2 These symbols can be combined to form complex symbol structures.
3 The physical symbol system contains processes for manipulating complex symbol structures.
4 The processes for generating and transforming complex symbol structures can themselves be represented by symbols and symbol structures within the system.
Before going on to explore these in more detail we should pause to note (without much surprise, given that the physical symbol system hypothesis is the brainchild of two computer scientists) that the description of a physical symbol system looks very much like an abstract characterization of a digital computer.
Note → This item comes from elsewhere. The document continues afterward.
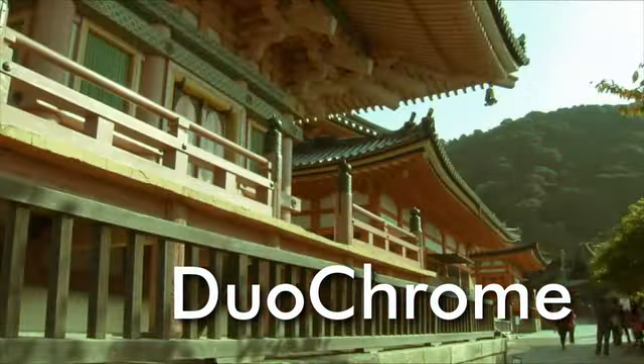Duochrome takes your image and creates two color video — you get to choose the colors. Ghost cloaks the image in a transparent, shiny fog.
We might think of the physical symbols mentioned in (1) as corresponding to the alphabet of a computer language. One very common computer alphabet is the binary alphabet {0, 1}. The symbols in the binary alphabet can be combined into strings of 0s and 1s that are the“words” of the computer language. Computers work in virtue of procedures for manipulating strings– as suggested in (3). Some of these procedures are very basic. These are the programs hard-wired into the computer and written in what is usually called machine language. But, as implied by (4), computers can run programs that“instruct” the basic procedures to operate in certain ways and in a certain order. These programs are written in higher-level programming languages. We need to look in more detail at each of the basic ideas (1) through (4) before seeing how they might be combined in a particular model of information processing. Thinking about Turing machines will help bring out some of the issues here. Turing machines were introduced in section 1.2as abstract models of computation. Newell and Simon make clear in their paper how Turing’s work on Turing machines in the 1930s was the first step towards the physical symbol system hypothesis. Now would be a good moment to look back atsection 1.2.